The unsung and often ignored quality all great photographers bring to the table is dedication. In a nutshell, dedication can be defined as your willingness to give up something of value in order to achieve something of equal or greater value. The above photograph of Mesa Arch in Canyonlands National Park illustrates the matter.
July 27, 2014 was hot and muggy in southern Utah. I had begun the day photographing sunrise in Monument Valley Navajo Tribal Park in northern Arizona. Afterwards, I enjoyed breakfast at The View Hotel along with a number of guests just beginning their respective days. The drive north along state highways 163 and 191 delivered me to Moab, Utah at lunchtime. Moab is the gateway community to Arches and Canyonlands national parks. After lunch, the balance of my day was devoted to driving into Arches to the Delicate Arch parking area, making the 1.5-mile hike to the arch and waiting for a golden hour that never really materialized.
July happens to be the heart of the summer monsoon in the Southwest US. This seasonal weather patterned is defined by hot, muggy conditions, increasing cloudiness during the day and afternoon thunderstorms. The afternoon clouds were so thick on this day that they blocked the sweet, warm late-day light from painting Delicate Arch. The most dramatic thunderstorm activity was well off to the north. As a result, conditions just didn’t come together to make for a compelling photographic opportunity on this day.
After sunset, I made the return hike to my vehicle and, along the way, considered the available options. The issue occupying my thinking was, how should I spend the next morning? Should I find a place to photograph sunrise or just hit the road? July 28, I needed to drive 5 1/2 hours to Denver, where I would pick up my wife and son at the airport. They were flying in from New York. I was in the midst of the drive up from Flagstaff. After connecting, the three of us were going to spend a week in Estes Park exploring Rocky Mountain National Park.

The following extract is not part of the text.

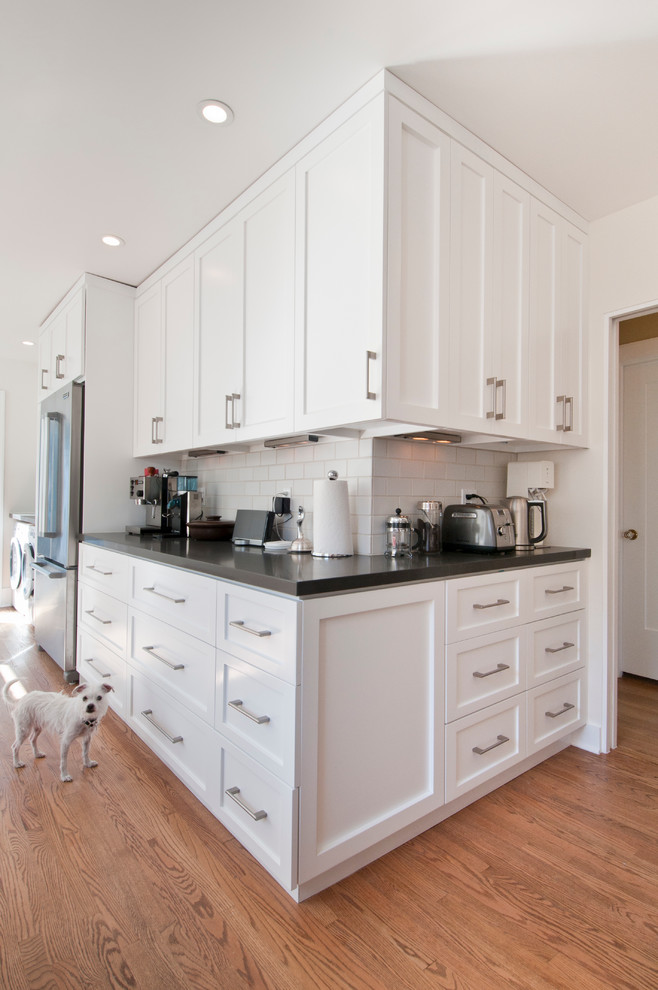 Inspiration for a mid-sized transitional l-shaped kitchen pantry in Los Angeles with an undermount sink, shaker cabinets, white cabinets, quartz benchtops, grey splashback, subway tile splashback, stainless steel appliances, medium hardwood floors and no island.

There were plenty of good reasons to skip the sunrise photo expedition: the monsoon would probably play havoc with the early morning light; I had a long drive ahead and the rest would do me, well; there was almost always a crowd at Mesa Arch competing for the best locations. In the end, there was just one reason to follow through on my plan to photograph sunrise at Mesa Arch: it might be spectacular. That being reason enough, I left Arches National Park and – rather than heading back to Moab to find a hotel – turned north to make the drive to Canyonlands.
The decision grew less wise and more foolish as I drove through the darkening evening hours. Thunderstorm activity increased the further north I drove. Setting up my tent at a campground a few miles outside the entrance to Canyonlands, rain began to fall. I hurried to finish making camp and climbed into my sleeping bag just as the first deluge of the night began. I never slept more than an hour at a stretch, the occasional thunderclaps and constant patter of rain teaming to interrupt any semblance of restful sleep. When my watch alarm went off at 3:30 AM, I gave serious thought to just staying in the tent and getting more sleep.
But sunrise at Mesa Arch might – despite clouds, thunderclaps and rain – be spectacular.
So, I unzipped the sleeping bag and began to pack up. Leaving the campground, I drove through the darkness and into Canyonlands National Park. Through the windshield, it appeared the rain clouds were breaking up. Or was that just wishful thinking? Pulling into the parking lot for Mesa Arch trailhead, mine was the first vehicle on the scene. “Well,” I thought, “If it does clear, at least I’ll have my pick of spots to set up for the shot.”
Clear, it did. My dedication – however wishful or foolish in its origin – was rewarded with a fine sunrise at Mesa Arch. To be sure, this wasn’t the most dramatic of sunrises. Though warm and red, the intensity of the dawn light was muted by lingering clouds. But it was still beautiful. It was worth the worry, the sacrifice and the effort to awaken in darkness, eat a cold breakfast, remain optimistic in the face of bad weather, hike through the mist, choose my spot and to wait in hope that something magical would emerge from this monsoon morning. I could have taken the easy path. I could have driven into Moab, gotten a hotel room and slept in comfort through the night and the sunrise.
If I had, I would have missed sunrise at Mesa Arch. Now, get out there and shoot.